Reproduce, exactly, the lines of the material below from the line containing "Victoryyy_n Live XXX chat" through the line containing "Een verpleegster dient", with both end lines included and nothing else.

Provided entries -
____________

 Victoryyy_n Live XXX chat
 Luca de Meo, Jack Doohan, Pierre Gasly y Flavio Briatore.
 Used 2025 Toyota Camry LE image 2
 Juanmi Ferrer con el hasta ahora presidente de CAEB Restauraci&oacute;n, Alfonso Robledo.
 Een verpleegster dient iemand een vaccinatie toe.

____________

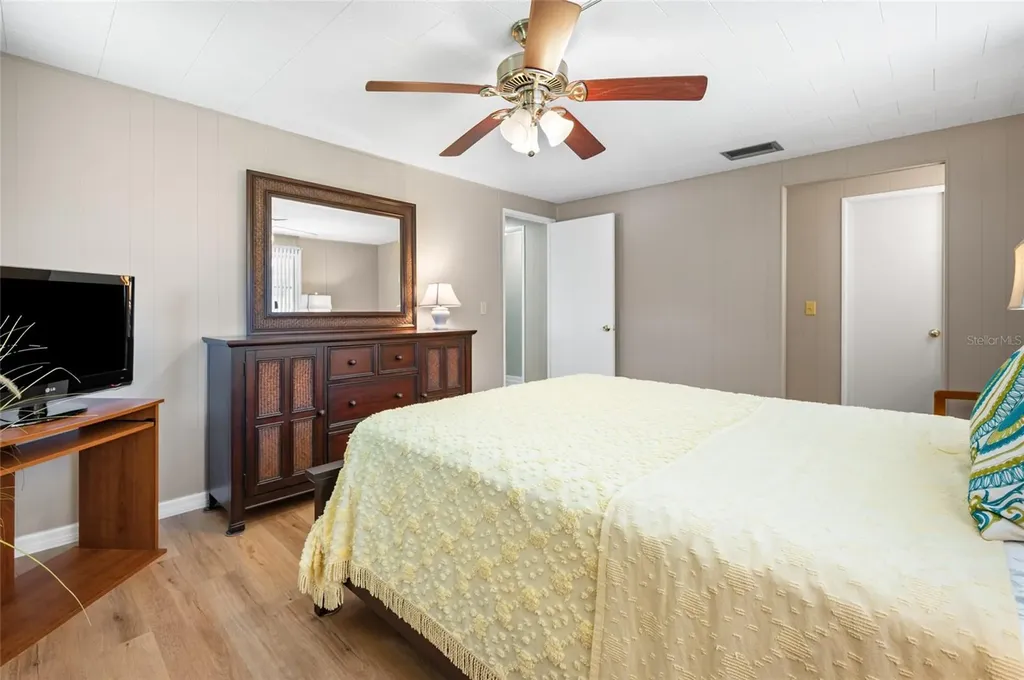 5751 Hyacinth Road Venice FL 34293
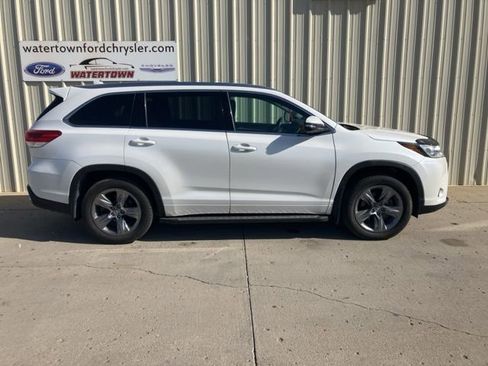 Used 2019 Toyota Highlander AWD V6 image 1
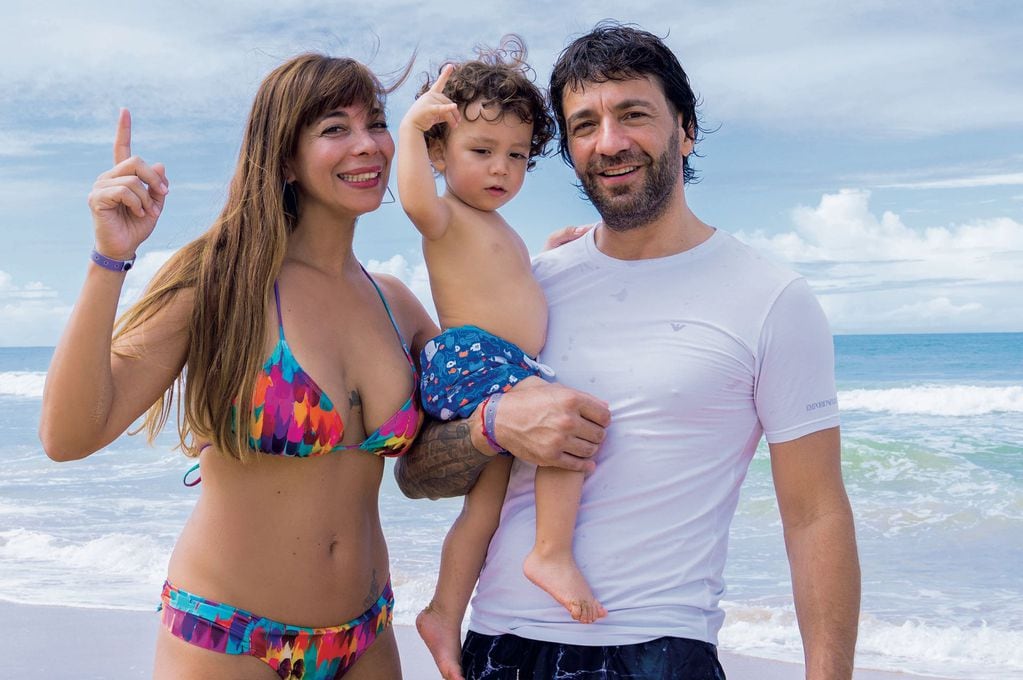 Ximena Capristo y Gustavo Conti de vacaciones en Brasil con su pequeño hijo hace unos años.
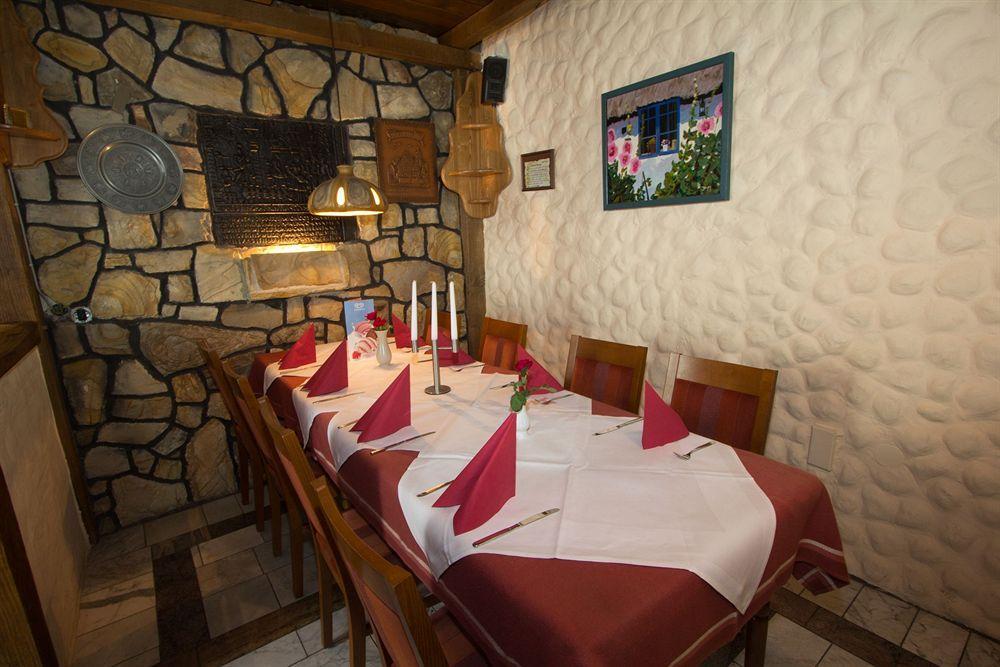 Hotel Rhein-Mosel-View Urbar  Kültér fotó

____________

Exercise solution -
 Victoryyy_n Live XXX chat
 Luca de Meo, Jack Doohan, Pierre Gasly y Flavio Briatore.
 Used 2025 Toyota Camry LE image 2
 Juanmi Ferrer con el hasta ahora presidente de CAEB Restauraci&oacute;n, Alfonso Robledo.
 Een verpleegster dient iemand een vaccinatie toe.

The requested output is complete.